Find the rate of processed tickets for each type

Find the rate of processed tickets for each type.

In [1]:
import pandas as pd
import numpy as np

In [3]:
facebook_complaints = pd.read_excel("../CSV/facebook_complaints.xlsx", header=1)
facebook_complaints

Unnamed: 0,complaint_id,type,processed
0,0,0,True
1,1,0,True
2,2,0,False
3,3,1,True
4,4,1,True
5,5,1,False


In [4]:
facebook_complaints['processed'] = facebook_complaints['processed'].astype(int)
facebook_complaints

Unnamed: 0,complaint_id,type,processed
0,0,0,1
1,1,0,1
2,2,0,0
3,3,1,1
4,4,1,1
5,5,1,0


In [5]:
grouped = facebook_complaints.groupby(['type']).agg({'processed':'sum','complaint_id':'size'}).reset_index()
grouped

Unnamed: 0,type,processed,complaint_id
0,0,2,3
1,1,2,3


In [6]:
grouped['processed_rate'] =grouped['processed']/grouped['complaint_id']
grouped

Unnamed: 0,type,processed,complaint_id,processed_rate
0,0,2,3,0.666667
1,1,2,3,0.666667


In [7]:
result = grouped[['type','processed_rate']]
result

Unnamed: 0,type,processed_rate
0,0,0.666667
1,1,0.666667


Solution Walkthrough
In this walkthrough, we will go through the code snippet provided and understand how to find the rate of processed tickets for each type using pandas and numpy libraries in Python.

Understanding The Data
The code assumes that there is a dataframe named facebook_complaints which contains information about complaints on Facebook. The dataframe has columns such as processed, type, and complaint_id. The processed column contains binary values indicating whether a complaint is processed or not. The type column contains the type of complaint, and the complaint_id column contains a unique identifier for each complaint.

The Problem Statement
The task is to calculate the rate of processed tickets for each type of complaint. This rate represents the percentage of processed tickets out of the total number of tickets for each type.

Breaking Down The Code
Let's analyze the code snippet step by step:

import pandas as pd
import numpy as np

facebook_complaints["processed"] = facebook_complaints[
    "processed"
].astype(int)
This code snippet imports the pandas and numpy libraries and converts the 'processed' column of the facebook_complaints dataframe from boolean to integer. This conversion is necessary for later calculations.

grouped = (
    facebook_complaints.groupby(["type"])
    .agg({"processed": "sum", "complaint_id": "size"})
    .reset_index()
)
Next, the groupby() function is used to group the facebook_complaints dataframe by the 'type' column. The agg() function is then applied to calculate the sum of the 'processed' column and the count of the 'complaint_id' column for each group. This information is stored in the grouped dataframe.

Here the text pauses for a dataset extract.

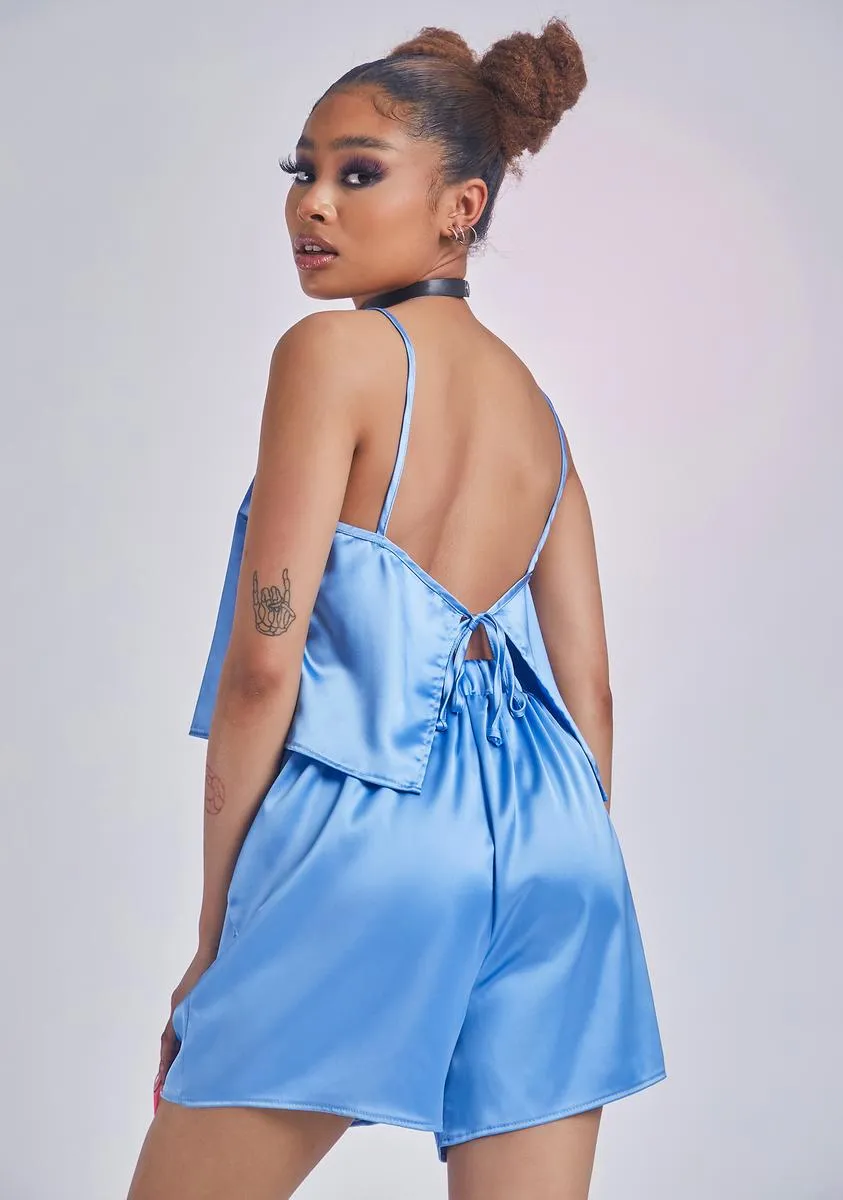 Chambray Rise Of The Moon Satin Shorts Set sold by Dolls Kill product image thumbnail 4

grouped["processed_rate"] = (
    grouped["processed"] / grouped["complaint_id"]
)
After grouping the data, a new column named 'processed_rate' is added to the grouped dataframe. This column represents the rate of processed tickets for each type, calculated by dividing the sum of processed tickets by the total number of tickets for each type.

result = grouped[["type", "processed_rate"]]
Finally, the result dataframe is created by selecting only the 'type' and 'processed_rate' columns from the grouped dataframe. This dataframe contains the final result, showing the rate of processed tickets for each type of complaint.

Bringing It All Together
The complete code snippet is as follows:

import pandas as pd
import numpy as np

facebook_complaints["processed"] = facebook_complaints[
    "processed"
].astype(int)
grouped = (
    facebook_complaints.groupby(["type"])
    .agg({"processed": "sum", "complaint_id": "size"})
    .reset_index()
)
grouped['processed_rate'] =grouped['processed']/grouped['complaint_id']
result = grouped[['type','processed_rate']]
This code imports the necessary libraries, converts the 'processed' column to integers, groups the data by type, calculates the rates of processed tickets for each type, and stores the result in the 'result' dataframe.

Conclusion
By following this code snippet, you can calculate the rate of processed tickets for each type of complaint using pandas and numpy libraries in Python.